From the first record through the last, copy each one exactly.

(Stored data)
════════
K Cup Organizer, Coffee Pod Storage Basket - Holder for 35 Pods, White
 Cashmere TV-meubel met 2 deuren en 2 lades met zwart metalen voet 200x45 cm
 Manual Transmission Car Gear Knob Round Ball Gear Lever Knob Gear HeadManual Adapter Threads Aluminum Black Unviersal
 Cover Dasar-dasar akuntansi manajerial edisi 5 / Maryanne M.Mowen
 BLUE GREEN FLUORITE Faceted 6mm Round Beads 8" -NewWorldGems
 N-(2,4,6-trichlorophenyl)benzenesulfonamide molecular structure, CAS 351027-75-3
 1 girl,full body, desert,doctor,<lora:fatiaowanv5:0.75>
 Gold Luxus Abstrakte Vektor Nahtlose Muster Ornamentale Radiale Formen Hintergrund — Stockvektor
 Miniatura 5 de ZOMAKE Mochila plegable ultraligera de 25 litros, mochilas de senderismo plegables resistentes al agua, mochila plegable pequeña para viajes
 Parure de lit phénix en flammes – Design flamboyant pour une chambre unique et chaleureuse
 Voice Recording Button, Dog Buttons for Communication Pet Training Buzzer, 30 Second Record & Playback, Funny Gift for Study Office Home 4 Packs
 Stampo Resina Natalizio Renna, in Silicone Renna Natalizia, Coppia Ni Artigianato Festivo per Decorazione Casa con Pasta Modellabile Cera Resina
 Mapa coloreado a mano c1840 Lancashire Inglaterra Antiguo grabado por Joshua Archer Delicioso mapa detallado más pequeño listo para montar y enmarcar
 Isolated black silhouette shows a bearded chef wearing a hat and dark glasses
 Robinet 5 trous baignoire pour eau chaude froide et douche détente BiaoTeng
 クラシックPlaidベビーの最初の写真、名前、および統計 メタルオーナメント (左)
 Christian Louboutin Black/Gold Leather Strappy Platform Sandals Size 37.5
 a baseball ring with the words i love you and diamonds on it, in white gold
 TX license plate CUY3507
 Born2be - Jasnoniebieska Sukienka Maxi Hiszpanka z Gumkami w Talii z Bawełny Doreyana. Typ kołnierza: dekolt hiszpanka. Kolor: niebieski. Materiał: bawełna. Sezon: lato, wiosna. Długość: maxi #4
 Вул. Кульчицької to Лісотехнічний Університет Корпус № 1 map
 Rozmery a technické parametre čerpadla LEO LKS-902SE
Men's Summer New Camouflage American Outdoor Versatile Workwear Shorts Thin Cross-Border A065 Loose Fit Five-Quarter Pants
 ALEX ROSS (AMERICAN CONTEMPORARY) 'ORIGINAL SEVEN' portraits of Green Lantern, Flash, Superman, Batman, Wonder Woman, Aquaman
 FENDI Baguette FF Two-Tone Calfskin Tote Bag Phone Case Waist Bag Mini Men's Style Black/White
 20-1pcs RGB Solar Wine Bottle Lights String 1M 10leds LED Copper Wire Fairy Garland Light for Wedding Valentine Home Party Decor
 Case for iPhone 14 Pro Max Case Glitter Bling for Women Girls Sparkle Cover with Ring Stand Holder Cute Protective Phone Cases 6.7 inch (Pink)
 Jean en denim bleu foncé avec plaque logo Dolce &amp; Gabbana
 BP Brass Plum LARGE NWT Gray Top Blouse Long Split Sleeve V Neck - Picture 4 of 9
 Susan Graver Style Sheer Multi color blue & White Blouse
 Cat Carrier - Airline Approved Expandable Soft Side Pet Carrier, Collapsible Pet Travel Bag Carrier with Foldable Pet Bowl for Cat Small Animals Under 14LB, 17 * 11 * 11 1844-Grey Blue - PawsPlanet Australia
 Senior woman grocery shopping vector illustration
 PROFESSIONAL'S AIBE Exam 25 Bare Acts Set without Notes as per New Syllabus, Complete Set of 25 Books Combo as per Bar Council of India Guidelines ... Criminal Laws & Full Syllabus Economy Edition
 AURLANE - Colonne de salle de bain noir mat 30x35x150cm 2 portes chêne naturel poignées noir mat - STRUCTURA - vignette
════════
» Response to the exercise:
K Cup Organizer, Coffee Pod Storage Basket - Holder for 35 Pods, White
 Cashmere TV-meubel met 2 deuren en 2 lades met zwart metalen voet 200x45 cm
 Manual Transmission Car Gear Knob Round Ball Gear Lever Knob Gear HeadManual Adapter Threads Aluminum Black Unviersal
 Cover Dasar-dasar akuntansi manajerial edisi 5 / Maryanne M.Mowen
 BLUE GREEN FLUORITE Faceted 6mm Round Beads 8" -NewWorldGems
 N-(2,4,6-trichlorophenyl)benzenesulfonamide molecular structure, CAS 351027-75-3
 1 girl,full body, desert,doctor,<lora:fatiaowanv5:0.75>
 Gold Luxus Abstrakte Vektor Nahtlose Muster Ornamentale Radiale Formen Hintergrund — Stockvektor
 Miniatura 5 de ZOMAKE Mochila plegable ultraligera de 25 litros, mochilas de senderismo plegables resistentes al agua, mochila plegable pequeña para viajes
 Parure de lit phénix en flammes – Design flamboyant pour une chambre unique et chaleureuse
 Voice Recording Button, Dog Buttons for Communication Pet Training Buzzer, 30 Second Record & Playback, Funny Gift for Study Office Home 4 Packs
 Stampo Resina Natalizio Renna, in Silicone Renna Natalizia, Coppia Ni Artigianato Festivo per Decorazione Casa con Pasta Modellabile Cera Resina
 Mapa coloreado a mano c1840 Lancashire Inglaterra Antiguo grabado por Joshua Archer Delicioso mapa detallado más pequeño listo para montar y enmarcar
 Isolated black silhouette shows a bearded chef wearing a hat and dark glasses
 Robinet 5 trous baignoire pour eau chaude froide et douche détente BiaoTeng
 クラシックPlaidベビーの最初の写真、名前、および統計 メタルオーナメント (左)
 Christian Louboutin Black/Gold Leather Strappy Platform Sandals Size 37.5
 a baseball ring with the words i love you and diamonds on it, in white gold
 TX license plate CUY3507
 Born2be - Jasnoniebieska Sukienka Maxi Hiszpanka z Gumkami w Talii z Bawełny Doreyana. Typ kołnierza: dekolt hiszpanka. Kolor: niebieski. Materiał: bawełna. Sezon: lato, wiosna. Długość: maxi #4
 Вул. Кульчицької to Лісотехнічний Університет Корпус № 1 map
 Rozmery a technické parametre čerpadla LEO LKS-902SE
Men's Summer New Camouflage American Outdoor Versatile Workwear Shorts Thin Cross-Border A065 Loose Fit Five-Quarter Pants
 ALEX ROSS (AMERICAN CONTEMPORARY) 'ORIGINAL SEVEN' portraits of Green Lantern, Flash, Superman, Batman, Wonder Woman, Aquaman
 FENDI Baguette FF Two-Tone Calfskin Tote Bag Phone Case Waist Bag Mini Men's Style Black/White
 20-1pcs RGB Solar Wine Bottle Lights String 1M 10leds LED Copper Wire Fairy Garland Light for Wedding Valentine Home Party Decor
 Case for iPhone 14 Pro Max Case Glitter Bling for Women Girls Sparkle Cover with Ring Stand Holder Cute Protective Phone Cases 6.7 inch (Pink)
 Jean en denim bleu foncé avec plaque logo Dolce &amp; Gabbana
 BP Brass Plum LARGE NWT Gray Top Blouse Long Split Sleeve V Neck - Picture 4 of 9
 Susan Graver Style Sheer Multi color blue & White Blouse
 Cat Carrier - Airline Approved Expandable Soft Side Pet Carrier, Collapsible Pet Travel Bag Carrier with Foldable Pet Bowl for Cat Small Animals Under 14LB, 17 * 11 * 11 1844-Grey Blue - PawsPlanet Australia
 Senior woman grocery shopping vector illustration
 PROFESSIONAL'S AIBE Exam 25 Bare Acts Set without Notes as per New Syllabus, Complete Set of 25 Books Combo as per Bar Council of India Guidelines ... Criminal Laws & Full Syllabus Economy Edition
 AURLANE - Colonne de salle de bain noir mat 30x35x150cm 2 portes chêne naturel poignées noir mat - STRUCTURA - vignette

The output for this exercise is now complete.